It’s funny sometimes how the mind works.
The youngest child graduated from high school in May 2013. My parents, who live in Virginia, came to California to witness the educational milestone. It was their first trip to California since Jill and I got married in July 2005. My parents determined then that they would fly everyone back to Virginia to see them. The first to take up the offer was the youngest child, who flew there with her boyfriend on the redeye on Christmas Day. The return journey was Saturday.
The youngest child’s first cross-country flights were also to visit my parents, only she was an infant at the time.
Things went well on the flight from California to Virginia. The visit itself was hectic, what with three young children in tow. There were the obligatory visits with family – those beyond my parents – to introduce all the kids to the East Coast clan. I have what’s now a treasured photo of my Bema – my mother’s mother – sitting in a chair, holding the baby on her lap and leaning over to “chat” with her.

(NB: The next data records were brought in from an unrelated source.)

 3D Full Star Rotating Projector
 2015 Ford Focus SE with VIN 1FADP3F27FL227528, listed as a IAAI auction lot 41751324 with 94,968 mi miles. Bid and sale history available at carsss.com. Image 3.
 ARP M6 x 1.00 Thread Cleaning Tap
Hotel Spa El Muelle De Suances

Bema is an interesting side note. Her name was Amy and her daughter’s name is Amy. My mother’s middle name is Jefferson (a family name. It’s a Southern thing), so in my family, my grandmother was known as Amy and my mother is known as Jeff. They also went by Big Amy and Little Amy in certain circles.

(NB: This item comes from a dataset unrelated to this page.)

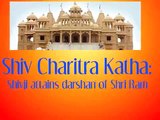 Shiv Charitra Katha - Shivji attains darshan of Shri Ram, Melbourne 2008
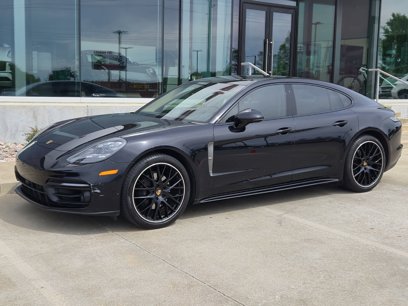 Certified 2023 Porsche Panamera 4 Platinum Edition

I didn’t understand the Amy and Jeff thing as a young child, but I got the concept that my grandmother was my big mom. I just couldn’t say it. Thus, Bema. The name stuck until the day she died. My mom and I still refer to her as Bema when we talk about her.
Back to the youngest child and that first family trip.

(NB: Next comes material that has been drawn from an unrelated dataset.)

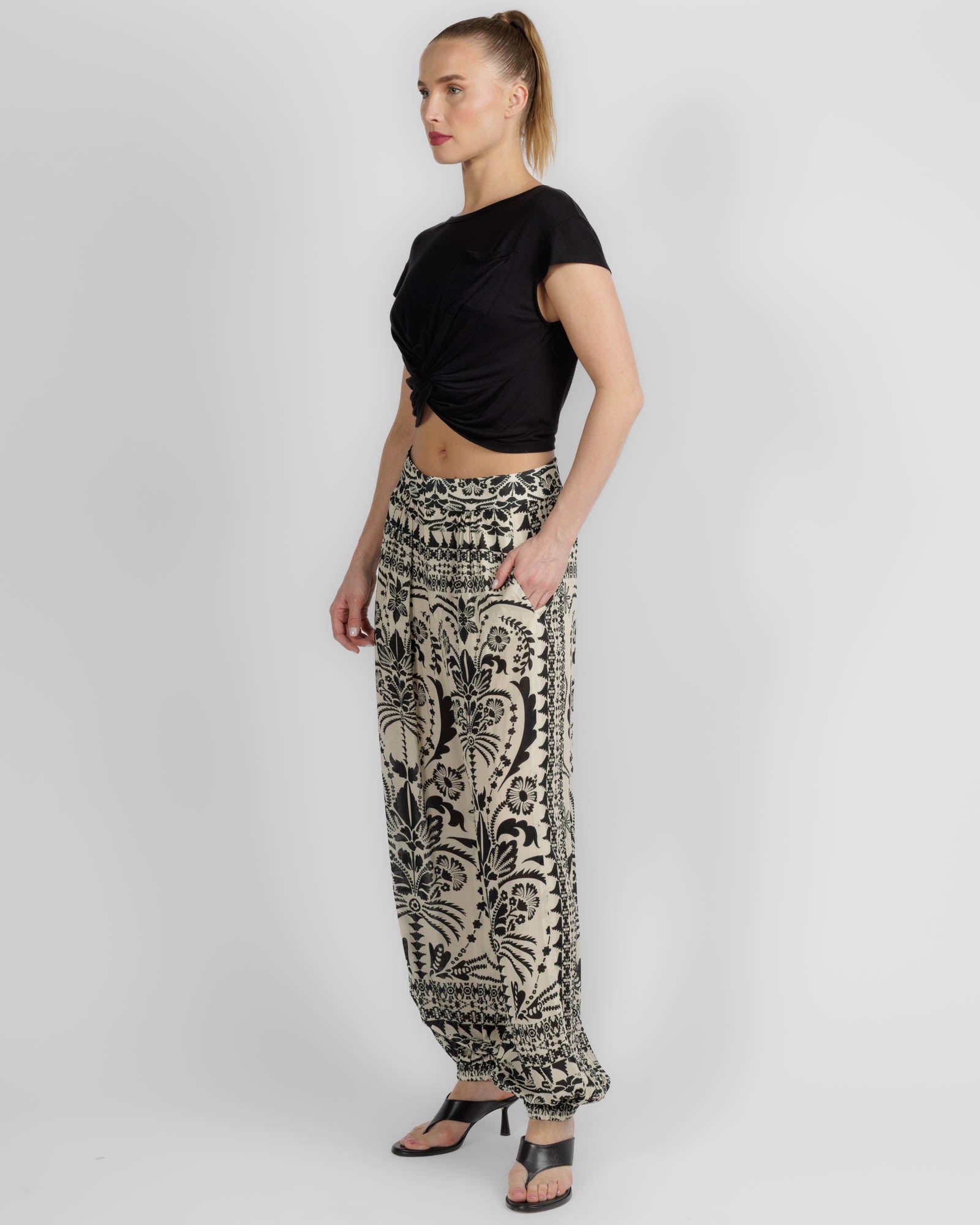 Harem Trouser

The flight from Virginia to California was every parent’s nightmare. It was also the nightmare of just about everyone else on the flight. We were seated in the back row of the plane. The youngest – you should know she was born four weeks early, pretty tiny at birth and was barely a normal newborn’s size at this point (we had her pediatrician’s blessing for the trip) – became violently ill maybe a third of the way into the nonstop flight from Dulles International Airport outside the nation’s capital to San Francisco International Airport.
There was screaming. There was projectile vomiting. She couldn’t keep anything down, fluids included. Dehydration was a real concern, beyond whatever was making her ill.
Members of the flight crew were great. They got word to the captain about the severity of the situation. At some point a decision was made to push through to San Francisco – and I mean push through.
We learned later that the captain got air traffic cleared ahead of us and pushed the jetliner at top speed for the final third of the flight. We landed something like 40 minutes ahead of our scheduled arrival time. Paramedics met the plane – as I recall, before it docked at the gate. The flight crew kept all the passengers seated so the paramedics could get the youngest child and take her off the plane, to the waiting ambulance and on to Oakland Children’s Hospital.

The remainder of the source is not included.